In the new report, seen by the Financial Times Deutschland newspaper, the energy transition would cost around €1.2 billion a year, as opposed to "at least €2 billion."

The new estimate flies in the face of a 10-year-plan presented by Germany's four high-voltage electricity operators (Tennet, Amprion, 50Hertz, and TransnetBW) at the end of May, which said that expanding Germany's electricity network to cope with the transition would cost €20 billion over the next decade.

The national grid needs to be beefed up to carry electricity generated by solar and wind power to replace, in part, nuclear power, which Germany has decided to abandon by 2022.

For example, operators had planned to expand internal European electricity trade anyway, with or without the nuclear shutdown, at a cost of €180 million a year. This cost was simply included in the operators' estimate of the transition.

By the same token, yearly repair expenses of €60 million were also factored into the cost of the nuclear shutdown, even though this money would have to be spent anyway.

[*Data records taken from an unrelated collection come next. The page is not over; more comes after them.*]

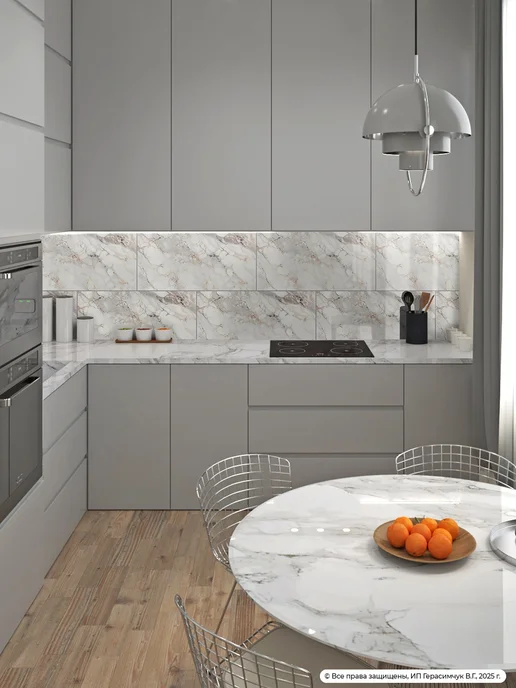 AMODECOR Панели самоклеящиеся для стен 60х30см гибкий мрамор 30шт, 30 шт, фото 3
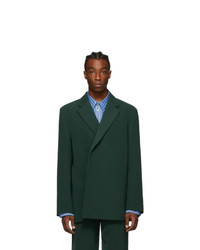 Balenciaga Green Shifted Blazer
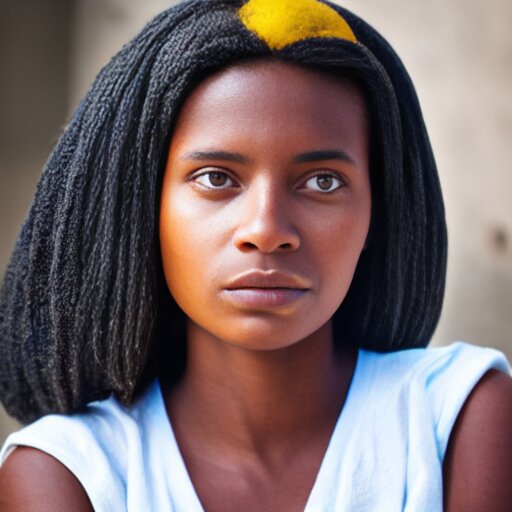 a portrait of a 20yo woman from Cape Verde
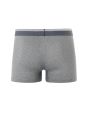 Boxer uni en microfibre - gris foncé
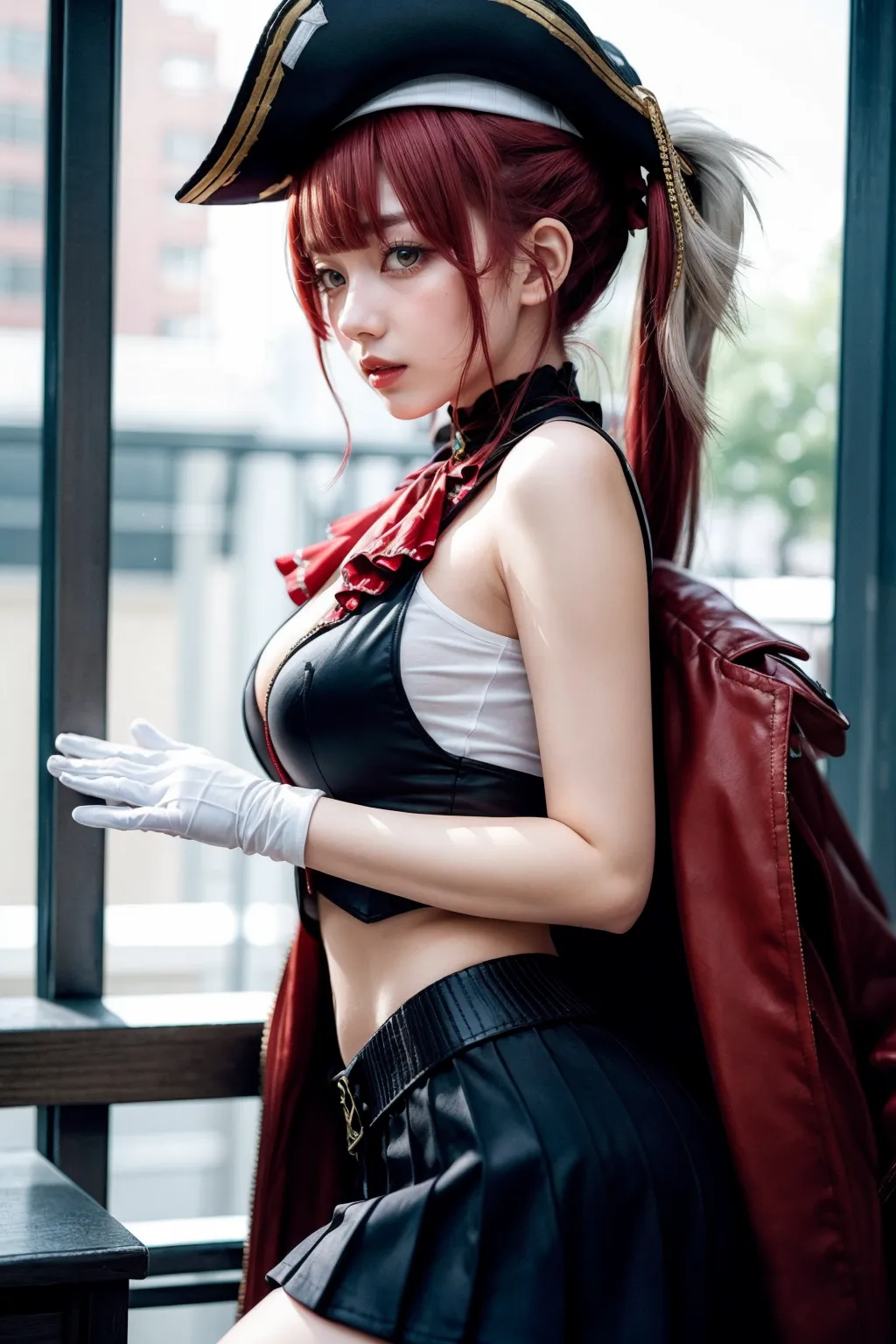 人気VTuberの宝鐘マリンちゃんのコスプレAIエロ画像400枚まとめ！(6ページ目)の34枚目の画像です。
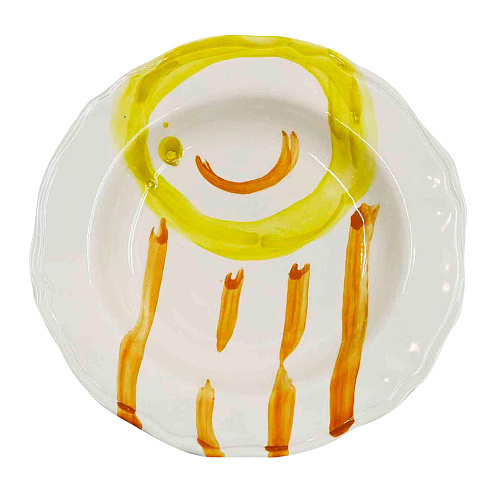 Ręcznie robiony talerz ceramiczny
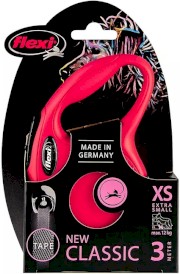 FLEXI NEW CLASSIC Smycz taśmowa XS / 3m czerwona - Zdjęcie nr 2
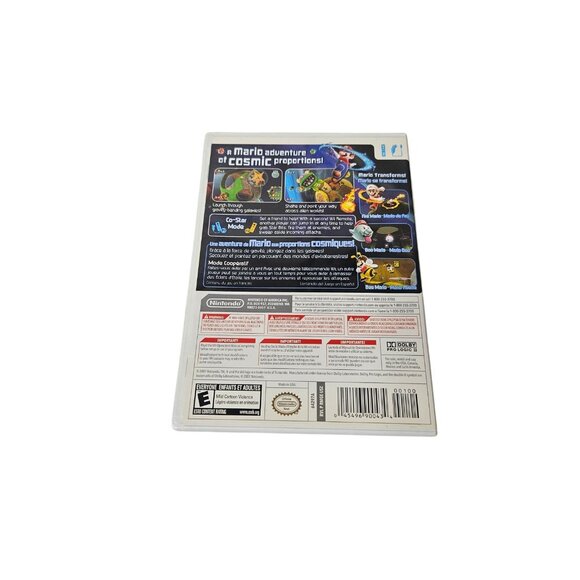 Super Mario Galaxy (Nintendo Wii, 2007) CIB Complete with Manual - Picture 5 of 6
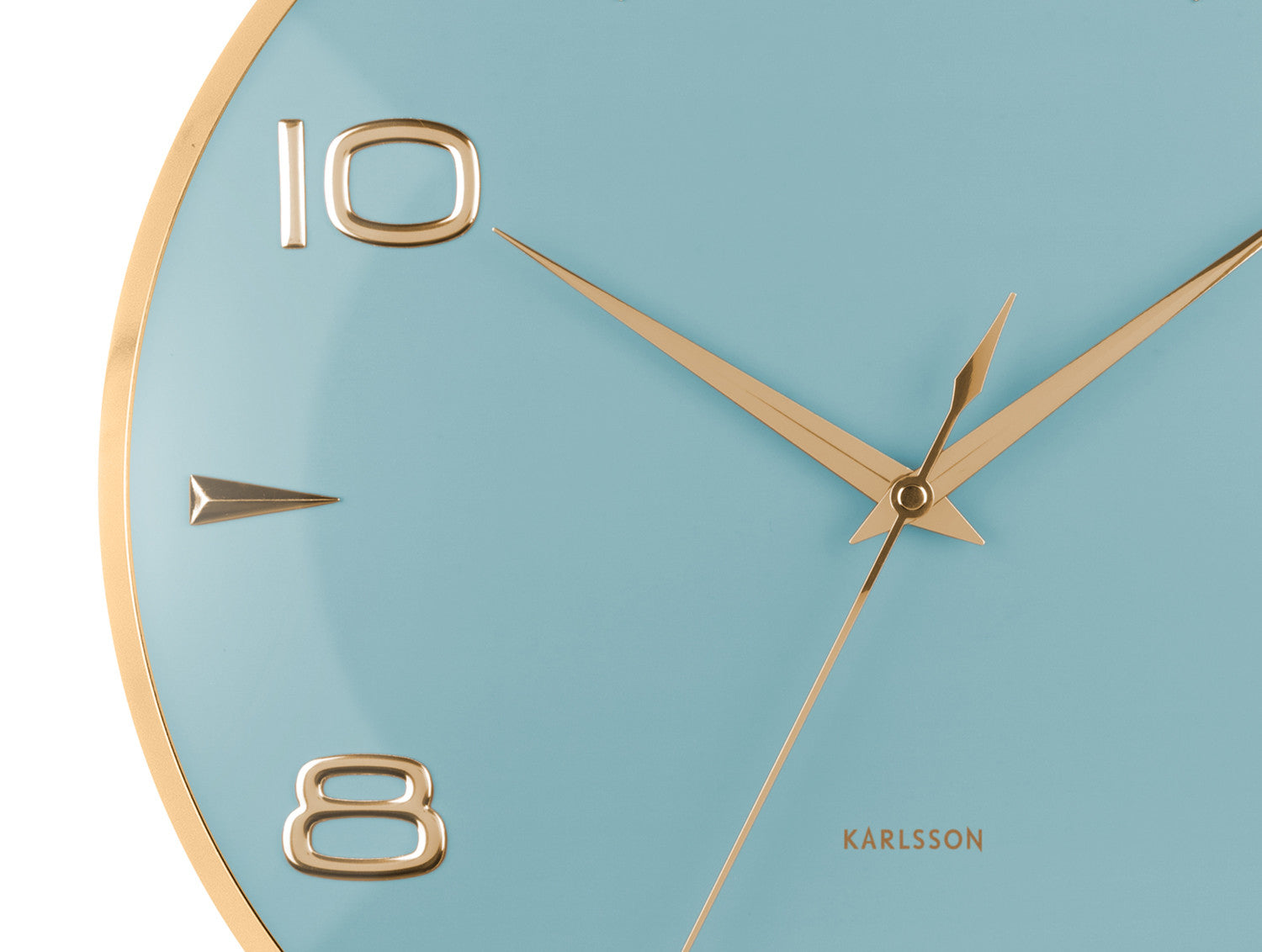 Karlsson Wanduhr Sienna Glow – Ø 40,6 cm, hellblau, Metall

On top of this, the planned grid expansion could save money in the future, according the agency, because it would avoid energy bottlenecks. "It is intuitively plausible that the investment in the development could pay for itself, at least in individual cases, quite quickly," agency head Jochen Homann said in the report.

For instance, the €20 million investment in the Thuringia electricity line would could save €47 million a year.

However, if local protests get their way in certain regions and force authorities to bury cables underground, the cost of certain expansions could multiply fourfold.